SUR UN AIR DE FOLK-MBALAX
Yoro Ndiaye, Artiste-chanteur
De son vrai nom Mayoro Ndiaye, l’artiste-musicien Yoro Ndiaye a fini de se faire un nom dans l’espace musical sénégalais. Retour sur dix ans de présence scénique tout en folk et en douceur.
En 2004, quand les sénégalais découvrent pour la première fois, sur le petit écran, un bonhomme au teint d’ébène, sobrement vêtu, assis sur un tabouret, dreadlocks naissants, poussant la chansonnette sur une aire de guitare, c’est sûr qu’il y en avait pas deux qui croyaient que Yoro Ndiaye allait faire carrière.
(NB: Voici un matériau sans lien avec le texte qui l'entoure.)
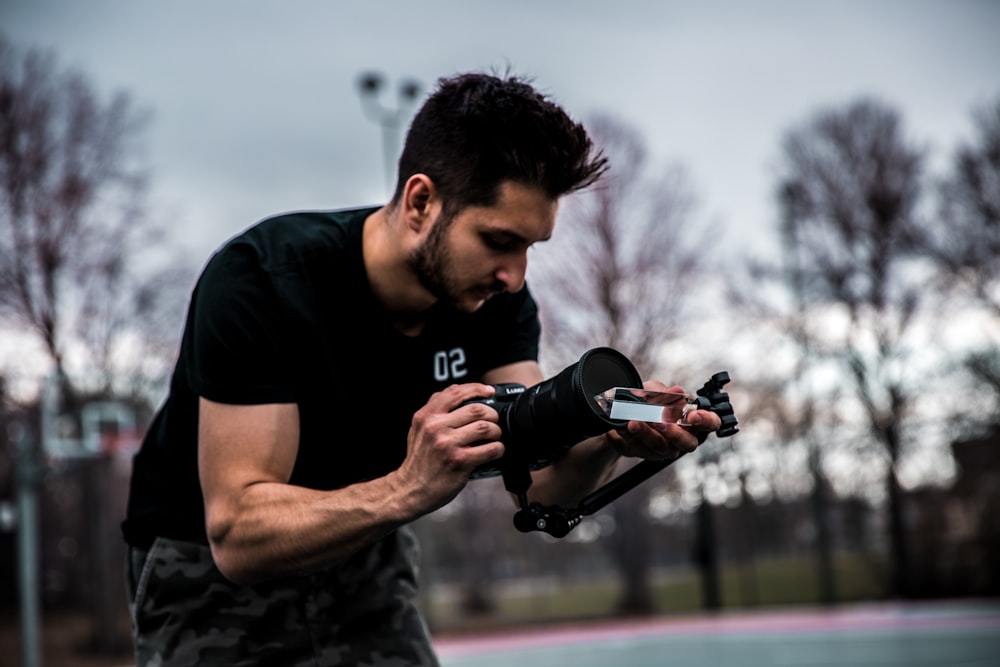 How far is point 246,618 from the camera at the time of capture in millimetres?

Non pas qu’il n’avait pas de talent, loin de là, mais parce qu’une armée de chanteurs en herbe, tout aussi talentueux, ont disparu de la circulation musicale après avoir frappé les esprits positivement. UIne ou deux belle chansons, et ils s’en vont. Mais Yoro Ndiaye, lui, est encore là et semble avoir signé un long bail avec ses fans.
La régularité de la sortie de ses albums sur le marché et l’accueil qu’en font les férus de la musique, aussi bien sur le plan national qu’international, l’attestent.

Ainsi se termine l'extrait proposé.